Fast-food chains are scrambling to find employees, and it could be making your experience dining out worse
- Chains like McDonald's and Taco Bell are struggling to fill positions and retain workers, with 898 million jobs open in the accommodation and food-services industry in August.
- "I don't see this problem getting easier," Panera Bread's CEO Blaine Hurst told Business Insider during a recent interview.
- The scramble to find waiters, cooks, servers, and more is damaging customer service.
Restaurant industry investors and executives' fears about difficulties hiring and retaining workers are mounting.
There were 898 million open jobs in the accommodation and food-services industry in August, according to a monthly report released by the Bureau of Labor Statistics on Tuesday. For comparison, that's 146 million more positions open than in August 2017.
"I don't see this problem getting easier," Panera Bread's CEO Blaine Hurst told Business Insider earlier this week. "I don't see somehow there's an extra 50 million food service workers that are gonna drop into the country and disperse around the country the way we need them to be dispersed."
Panera is addressing the "war for talent" by revamping its recruitment and training systems. Other chains, such as Jack in the Box and Dunkin' Donuts, are investing in automation to cut down on the number of necessary workers. Retailers like Target, JCPenney, and Kohl's are raising wages and adding benefits to deal with similar issues.
One of companies' biggest fears is that customer satisfaction will decline or operations will completely fall apart as locations struggle to fill positions.

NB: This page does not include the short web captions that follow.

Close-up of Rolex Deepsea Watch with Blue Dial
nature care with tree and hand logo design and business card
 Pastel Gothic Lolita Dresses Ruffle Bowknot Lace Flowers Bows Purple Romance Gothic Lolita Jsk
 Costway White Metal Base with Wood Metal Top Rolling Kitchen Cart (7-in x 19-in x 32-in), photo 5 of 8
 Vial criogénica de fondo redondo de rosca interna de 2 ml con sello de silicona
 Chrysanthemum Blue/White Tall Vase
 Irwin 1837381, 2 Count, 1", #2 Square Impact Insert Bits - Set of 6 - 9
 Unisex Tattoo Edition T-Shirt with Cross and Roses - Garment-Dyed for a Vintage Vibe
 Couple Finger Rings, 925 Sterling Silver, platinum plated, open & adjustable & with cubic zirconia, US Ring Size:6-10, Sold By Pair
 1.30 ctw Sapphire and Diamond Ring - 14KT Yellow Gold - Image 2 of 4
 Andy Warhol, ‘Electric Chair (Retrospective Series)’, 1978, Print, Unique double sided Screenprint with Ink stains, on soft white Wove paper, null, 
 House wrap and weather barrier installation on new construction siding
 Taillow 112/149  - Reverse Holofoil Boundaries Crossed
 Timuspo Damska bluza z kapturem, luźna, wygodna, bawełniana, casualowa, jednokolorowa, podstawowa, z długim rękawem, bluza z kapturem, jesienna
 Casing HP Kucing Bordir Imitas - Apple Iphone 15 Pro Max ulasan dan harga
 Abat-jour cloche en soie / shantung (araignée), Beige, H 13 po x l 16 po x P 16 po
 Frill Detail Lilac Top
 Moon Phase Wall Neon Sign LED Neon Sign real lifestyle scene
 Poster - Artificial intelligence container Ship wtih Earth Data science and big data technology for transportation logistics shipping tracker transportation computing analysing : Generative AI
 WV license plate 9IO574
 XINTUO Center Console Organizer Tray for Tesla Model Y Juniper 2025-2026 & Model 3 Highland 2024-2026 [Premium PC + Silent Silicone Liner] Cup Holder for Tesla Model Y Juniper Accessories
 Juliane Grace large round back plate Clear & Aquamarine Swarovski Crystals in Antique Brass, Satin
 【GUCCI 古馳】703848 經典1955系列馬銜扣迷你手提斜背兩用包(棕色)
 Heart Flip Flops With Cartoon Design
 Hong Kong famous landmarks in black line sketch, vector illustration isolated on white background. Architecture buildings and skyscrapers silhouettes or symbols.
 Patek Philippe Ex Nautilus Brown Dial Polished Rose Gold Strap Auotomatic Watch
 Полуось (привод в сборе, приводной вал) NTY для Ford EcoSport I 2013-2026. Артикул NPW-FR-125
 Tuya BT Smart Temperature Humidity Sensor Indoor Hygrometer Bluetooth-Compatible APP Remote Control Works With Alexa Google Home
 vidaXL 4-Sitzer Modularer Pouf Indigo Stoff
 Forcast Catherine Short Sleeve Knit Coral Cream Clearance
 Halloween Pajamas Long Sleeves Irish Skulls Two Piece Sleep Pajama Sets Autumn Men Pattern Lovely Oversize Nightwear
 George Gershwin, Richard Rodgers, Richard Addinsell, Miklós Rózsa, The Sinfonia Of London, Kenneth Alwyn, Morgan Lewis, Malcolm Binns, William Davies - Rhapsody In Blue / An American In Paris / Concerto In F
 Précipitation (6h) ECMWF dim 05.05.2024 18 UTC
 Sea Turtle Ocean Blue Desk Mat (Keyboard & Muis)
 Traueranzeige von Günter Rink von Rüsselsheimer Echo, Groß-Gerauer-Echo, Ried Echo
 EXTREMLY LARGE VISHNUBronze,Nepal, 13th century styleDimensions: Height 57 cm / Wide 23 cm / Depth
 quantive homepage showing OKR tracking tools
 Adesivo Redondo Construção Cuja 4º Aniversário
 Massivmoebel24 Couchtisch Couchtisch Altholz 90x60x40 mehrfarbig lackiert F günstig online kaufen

Domino's executives faced questions in a call with investors on Tuesday whether customer service had been hurt by staffing struggles. According to the company, Domino's hasn't seen a decline in customer satisfaction, but workers are so busy they're having a hard time getting an "incremental pizza" in the oven on Friday and Saturday evenings.
"For some brands, it's actually capping their sales potential," John Hamburger, the founder of industry trade publication Franchise Times Corp., said to Business Insider in September.
"If you can't find enough people to fill a shift, you just can't possibly do the potential volume of what some of these restaurants are supposed to be doing," he continued. "There's a lot of brands that are having a lot of trouble trying to find workers."
According to Hamburger, companies with low employee satisfaction rates and negative customer satisfaction scores will have the hardest time hiring and retaining workers. According to the The American Customer Satisfaction Index, the chains with the lowest customer satisfaction scores include McDonald's, Taco Bell, and Jack in the Box.